**Information**
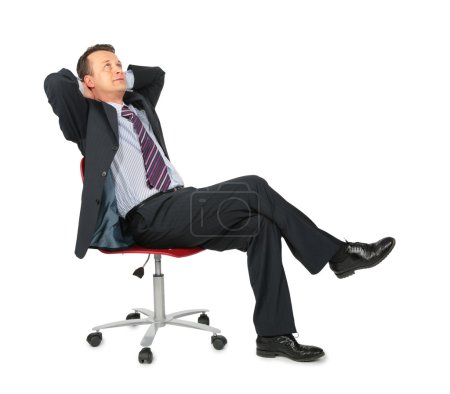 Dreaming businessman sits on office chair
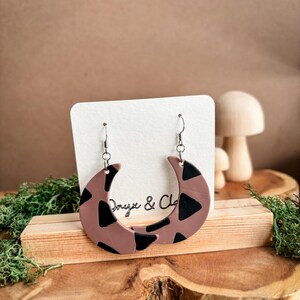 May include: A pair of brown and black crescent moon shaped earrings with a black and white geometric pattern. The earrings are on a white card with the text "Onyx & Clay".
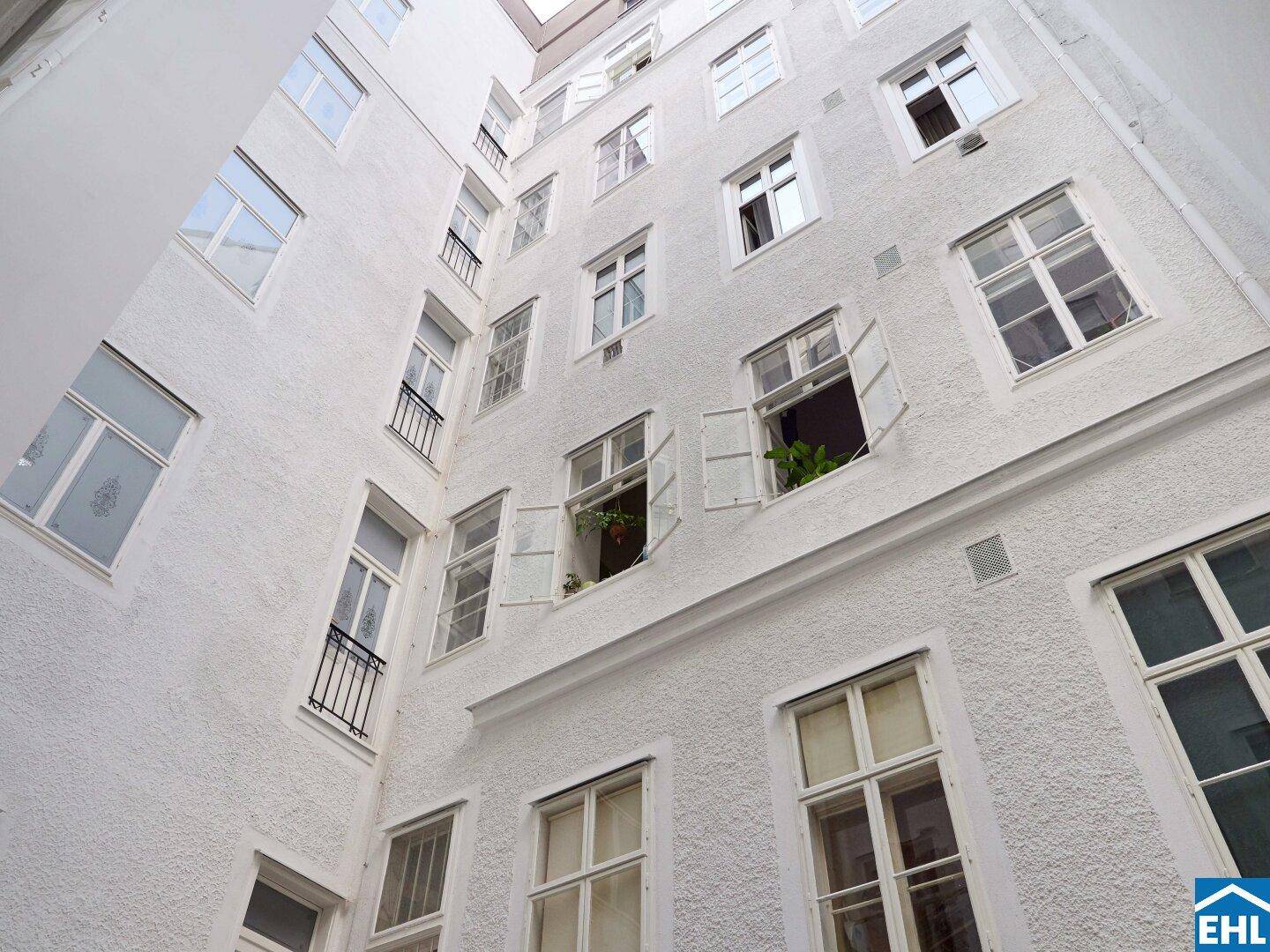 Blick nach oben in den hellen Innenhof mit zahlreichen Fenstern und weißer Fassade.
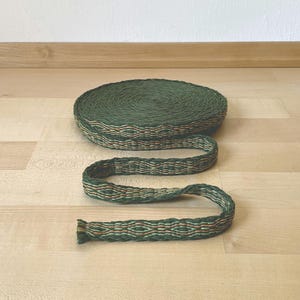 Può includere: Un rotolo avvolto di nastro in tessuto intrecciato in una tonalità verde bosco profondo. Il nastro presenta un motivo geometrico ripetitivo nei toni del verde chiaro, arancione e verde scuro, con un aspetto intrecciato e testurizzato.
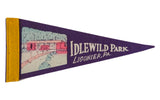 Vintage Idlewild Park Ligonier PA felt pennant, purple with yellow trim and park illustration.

**What to produce**
Please leave out the pictures while you copy exactly the lines from the one containing "May include: A" through the end of the records.

**Written response**
 May include: A pair of brown and black crescent moon shaped earrings with a black and white geometric pattern. The earrings are on a white card with the text "Onyx & Clay".
 Blick nach oben in den hellen Innenhof mit zahlreichen Fenstern und weißer Fassade.
 Può includere: Un rotolo avvolto di nastro in tessuto intrecciato in una tonalità verde bosco profondo. Il nastro presenta un motivo geometrico ripetitivo nei toni del verde chiaro, arancione e verde scuro, con un aspetto intrecciato e testurizzato.
 Vintage Idlewild Park Ligonier PA felt pennant, purple with yellow trim and park illustration.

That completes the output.